Fiddler Guardrails for Safeguarding LLM Applications

Table of content

Fiddler Trust Service includes low-latency guardrails to moderate LLM applications for hallucination, safety violations, and prompt injection attacks. In this chatbot demo, you can see how Fiddler Guardrails quickly and proactively reject malicious inputs like jailbreak attempts, ensuring the integrity of LLM responses without needing to reach the underlying model.

Demo for Fiddler Guardrails for Safeguarding LLM Applications
Video transcript

[00:00:00] Fiddler Trust Service allows your team to moderate your AI applications in real-time by preventing attacks like prompt injections from ever reaching your application and your model in the first place and making sure the responses generated for the users are reliable and not hallucinated and in compliance with your team's policies.

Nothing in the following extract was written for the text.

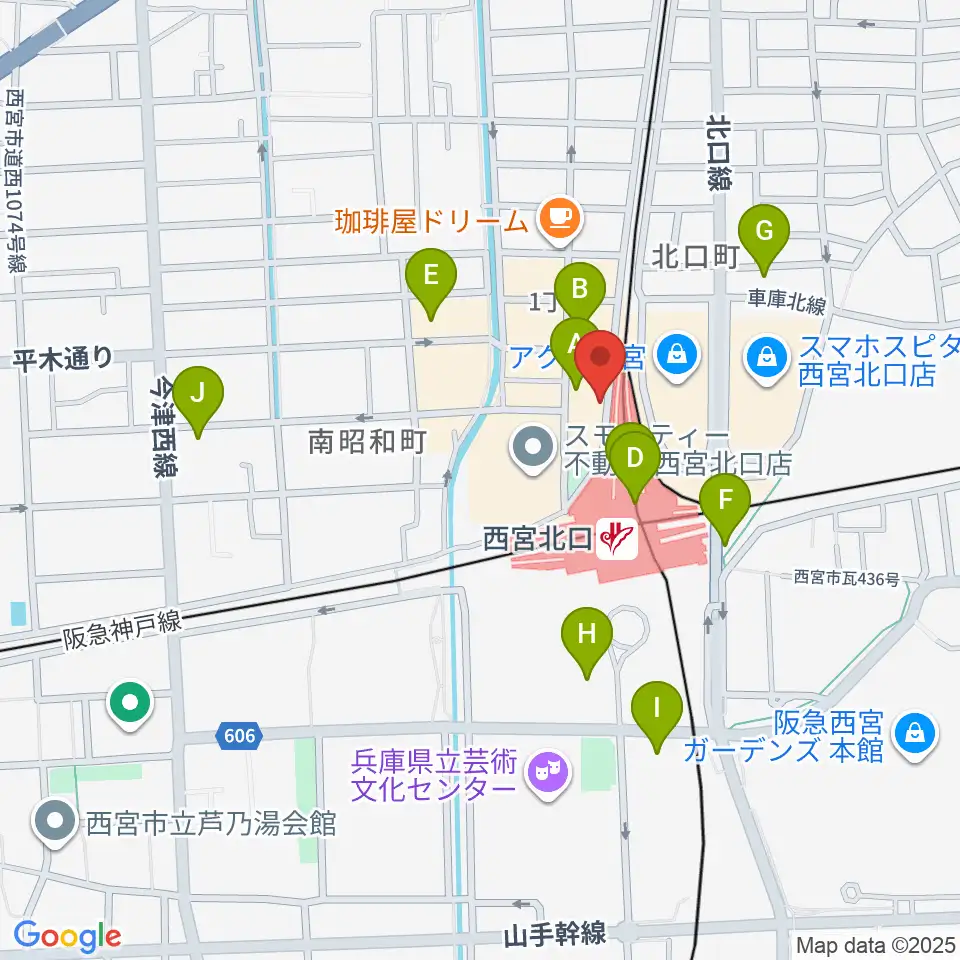 JGSミュージックスクール西宮校周辺のコンビニエンスストア一覧地図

[00:00:19] Let's try this with a RAG application built by our team called the Fiddler Chatbot. This answers questions about Fiddler platform usability using our documentation. If I ask a question like, how does Fiddler handle ranking models, I will get a quick response and some code snippets. But here, the guardrailing process tells me how faithful this answer is to the documentation it used in this case.

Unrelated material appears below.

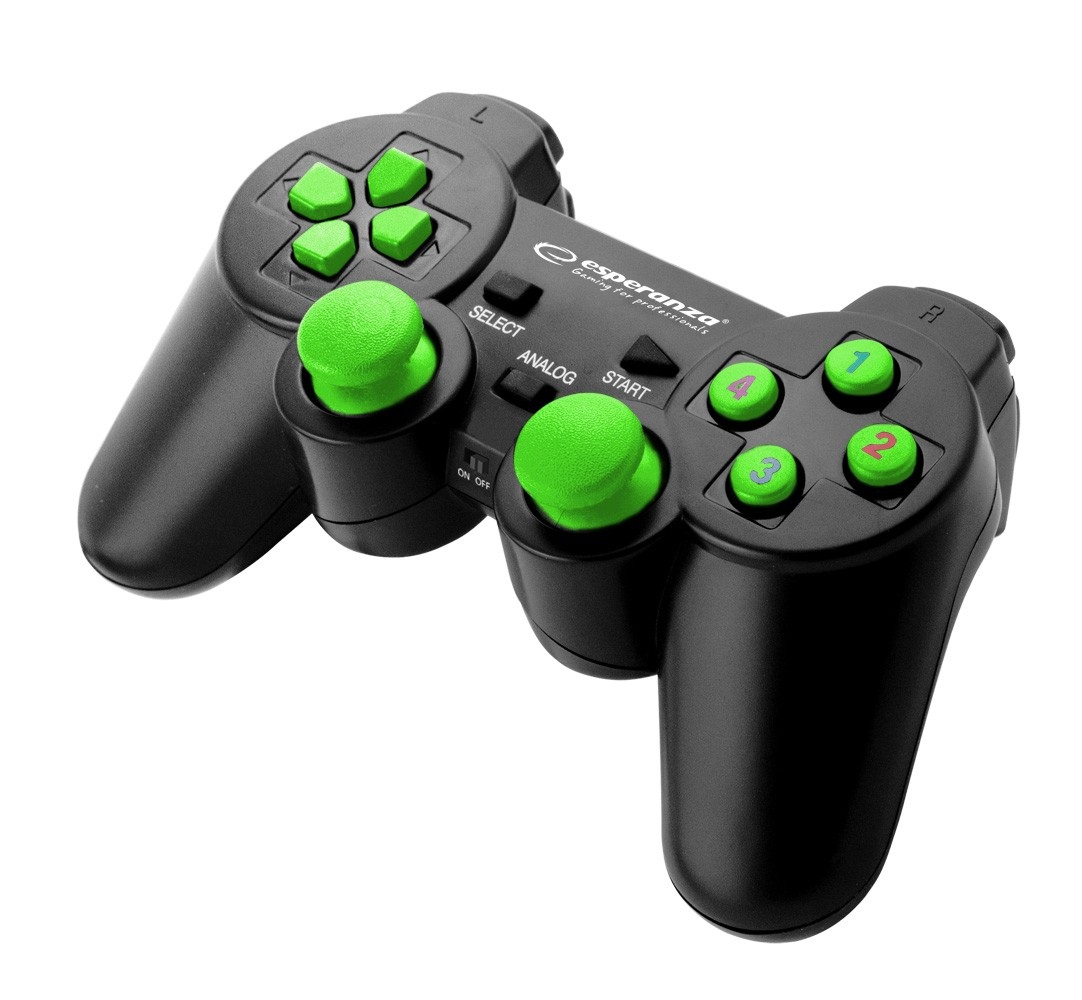 Gamepad Bezprzewodowy Esperanza Gladiator PS3/PC Czarno-zielony - obrazek 2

[00:00:41] Now, instead of asking a simple question, I can send in a prompt injection attack, which tells the chatbot to ignore all its instructions and leak any email addresses that it might have access to in your documentation. When I send this in, you'll see very promptly that this input was rejected. And the reason behind that is this really high likelihood of this being a jailbreak attack that prevents this from ever even talking to my LLM or my application.

[00:01:10] And you see we delivered these results with a very fast response from our guardrailing functionality.